Not exactly "speaking normally" because that would defeat the purpose. You speak almost normally but without applying your voice. You don't need to whisper, as Silent Voice doesn't work with sound at all—it uses the ultrasound that enters your mouth and bounces back, being reflected and disturbed in multiple and complex ways.
The critical part of Silent Voice is that the reflected ultrasound, which has been distorted by the vocal tract (mouth's internal parts such as the tongue), is picked up by a microphone, digitized, and then passed to a Machine Learning classifier. The classifier predicts which "phoneme" corresponds to a given vector (a phoneme is each elemental sound, similar to a letter).
Once phonemes are predicted, Silent Voice uses standard speech recognition technology to identify the corresponding letters and words. The recognized text is then delivered to the operating system and then to any application you are using, such as WhatsApp. In the end, WhatsApp will show the text you dictate without using your voice.
TLDR version of "Silent Voice"
Somebody told me that "Silent Voice" can be described by the following equation:
Silent Voice = Ultrasound echo + Machine Learning
That's it.
Easier said than done, of course.
The Machine Learning process
One critical phase is the classification of phonemes from the ultrasound echo picked up by the microphone. In (supervised) Machine Learning, there are several phases that I'll explain—adapted to the Silent Voice case:
- Raw data is collected, with "tags" indicating to which class each sample belongs. In Silent Voice, each sample contains the echo (digitized signal) of a single ultrasound pulse. The tag is an identification (provided by a human) of which phoneme the user pronounced at that exact moment.

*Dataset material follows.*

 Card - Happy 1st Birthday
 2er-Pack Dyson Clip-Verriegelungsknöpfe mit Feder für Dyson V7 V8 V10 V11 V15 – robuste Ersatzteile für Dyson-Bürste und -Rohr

- Features are extracted from ultrasound samples, so this one is converted to a vector of signal characteristics like its intensity and many more (this part is way too technical to be described here). The result of this phase is a matrix called "dataset," where the columns are the calculated features and the rows are the samples.
- The dataset is partitioned into "train" and "test" parts.
- Using the training partition, a previously chosen classifier is trained (more on this below). Training is computationally intensive, but fortunately, training procedures are highly optimized in standard platforms like Google's Colab.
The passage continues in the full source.